Interview mit Josephine Ortleb, Fachwirtin im Gastgewerbe und SPD-Bundestagsabgeordnete

MdB Ortleb Rede

Josephine Ortleb gehört zu den neuen Gesichtern im Deutschen Bundestag und sie bringt gleich zwei seltene Erfahrungen mit. Der 31-jährigen gelang der Sprung ins Bundesparlament durch ein Direktmandat. Für die SPD gewann sie 2017 gegen einen erfahrenen CDU-Mann den Wahlkreis Saarbrücken. Die zweite Besonderheit ist, dass mit Josephine Ortleb keine typische Berufspolitikerin in den Bundestag einzog. Sie absolvierte 2014 die Prüfung zur Fachwirtin im Gastgewerbe als Jahrgangsbeste und arbeitete Hand in Hand mit ihren Eltern im familieneigenen Restaurant „Tomate 2“, bevor das politische Engagement eine immer wichtigere Rolle spielte.
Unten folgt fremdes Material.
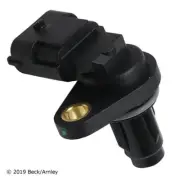 Engine Camshaft Position Sensor fits 2014-2017 Kia Sorento Sedona Cadenza BECK/ (for: Hyundai)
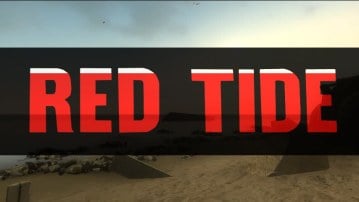 Red Tide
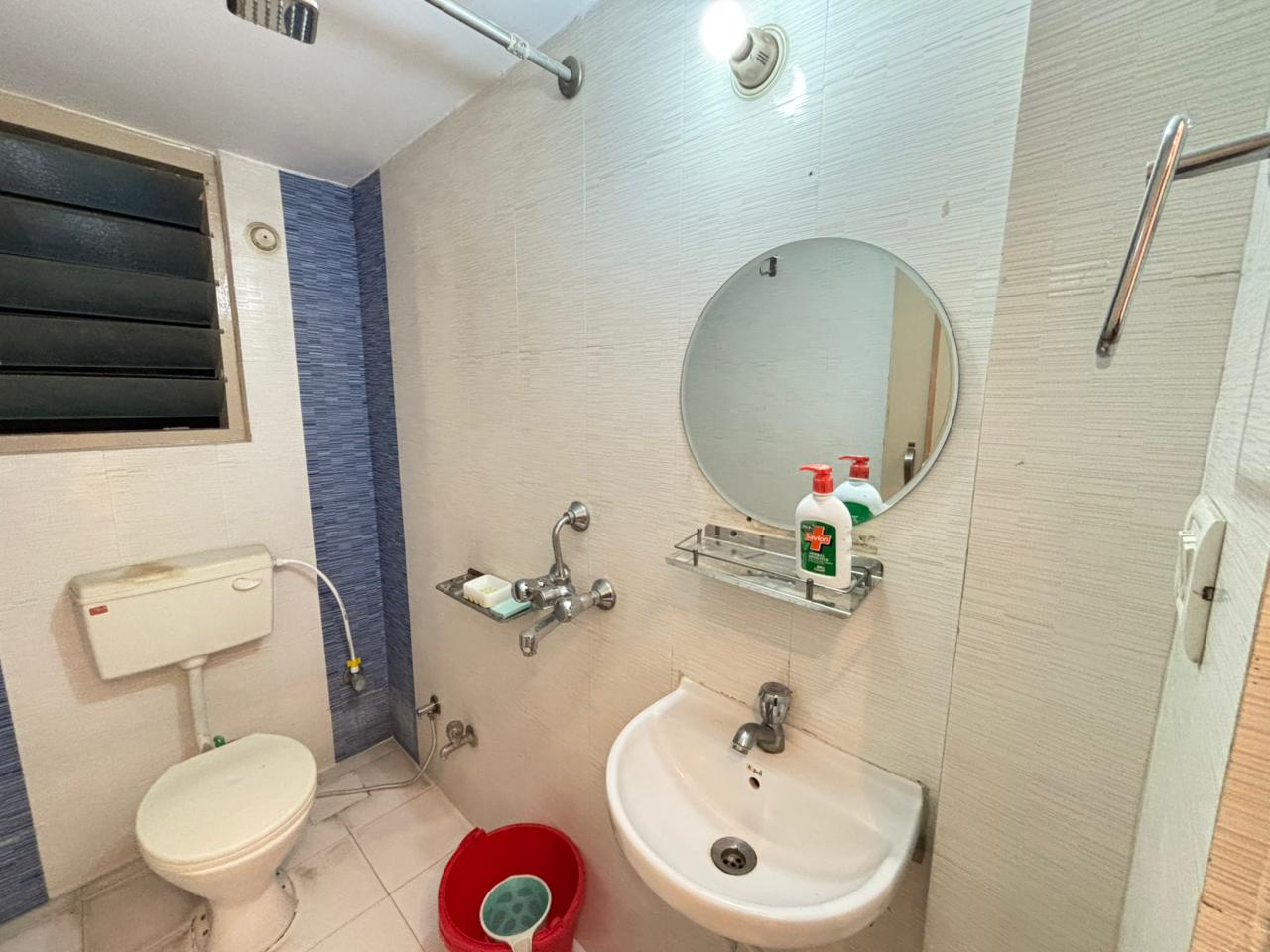 Gharaunda Homestay - Tap to explore photos
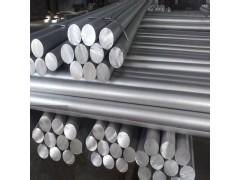6061-T6超硬小规格铝棒厂家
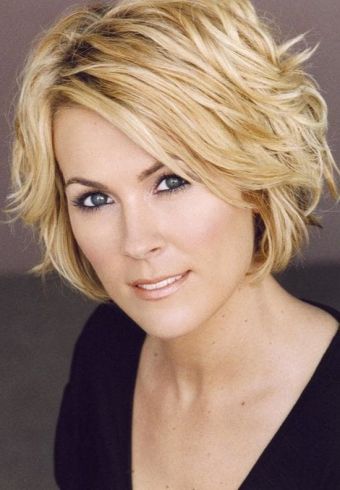 Rachel Cannon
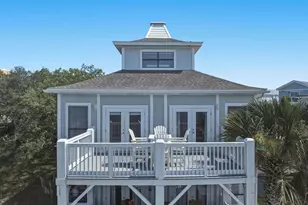 16590 Perdido Key Dr, Perdido Key, FL 32507 - Photo 34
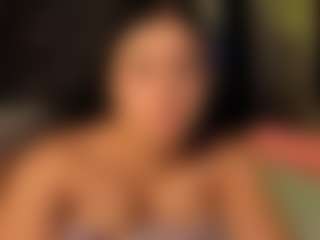 stellahoorny's Live Sex Cam Show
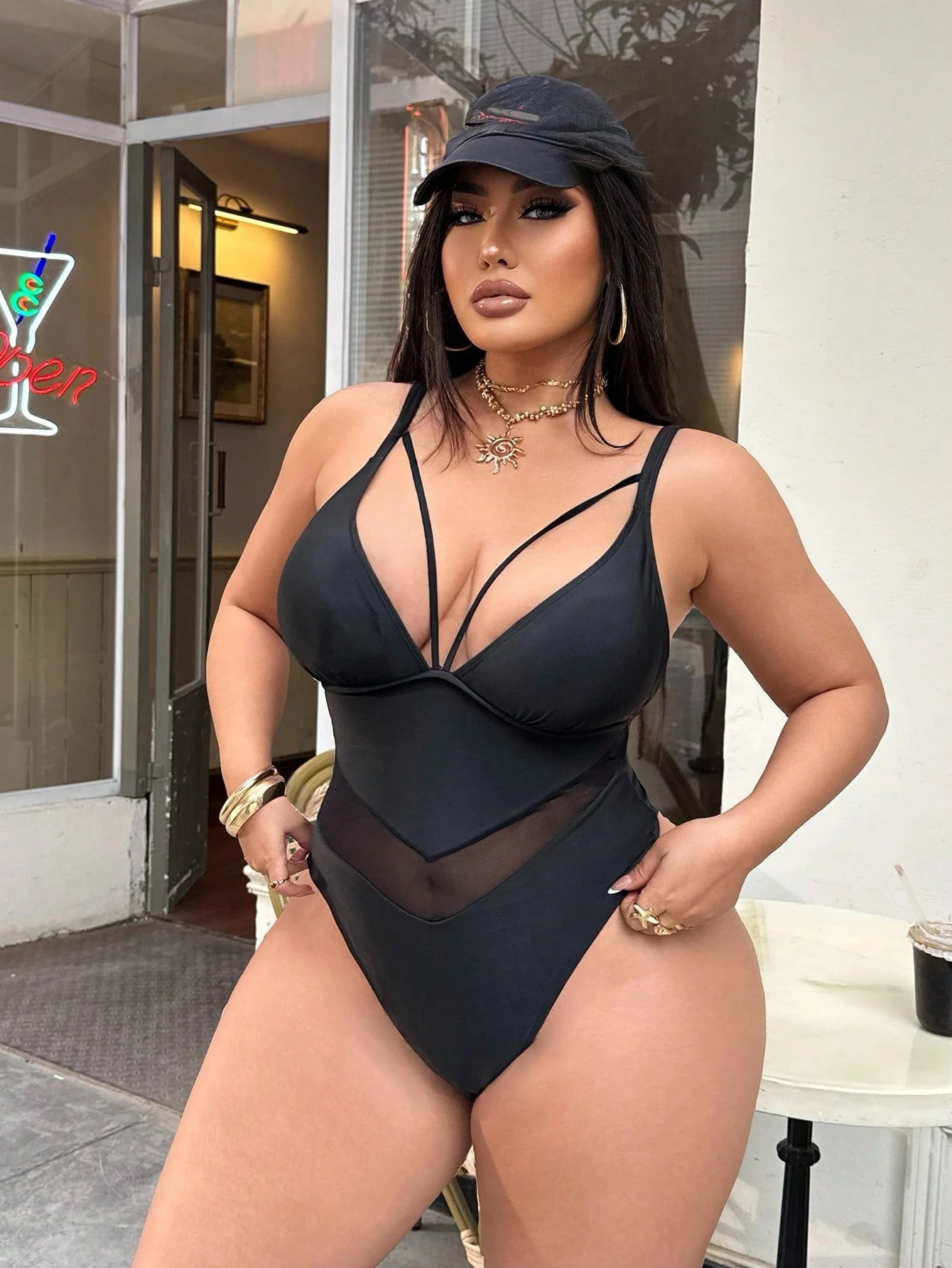4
Nun pendelt die junge Bundestagsabgeordnete zwischen Berlin und ihrem Wahlkreis im Saarland, setzt sich ein für einen sozialen Arbeitsmarkt, Teilhabe, Chancengleichheit und Frauenrechte. Doch noch immer schlagen zwei Herzen in ihrer Brust: eines für die Politik und eines für die Gastronomie.

Wie ist Ihr Verhältnis zur Gastronomie?

Wenn ich an Gastronomie denke, merke ich, wie mein Herz aufgeht. Ich habe diesen Beruf gelernt und er hat mir wahnsinnig Spaß gemacht, weil er mit Menschen zu tun hat, weil die Dienstleistungen mit Menschen zu tun haben. Das prägt einen auch, wenn man selbst Gast in der Gastronomie ist. Man hat einen ganz anderen Blick auf Arbeitsabläufe, darauf wie Läden organisiert sind. Ich kann mir vorstellen, dass Gastronom*innen selbst schwierige Gäste sind.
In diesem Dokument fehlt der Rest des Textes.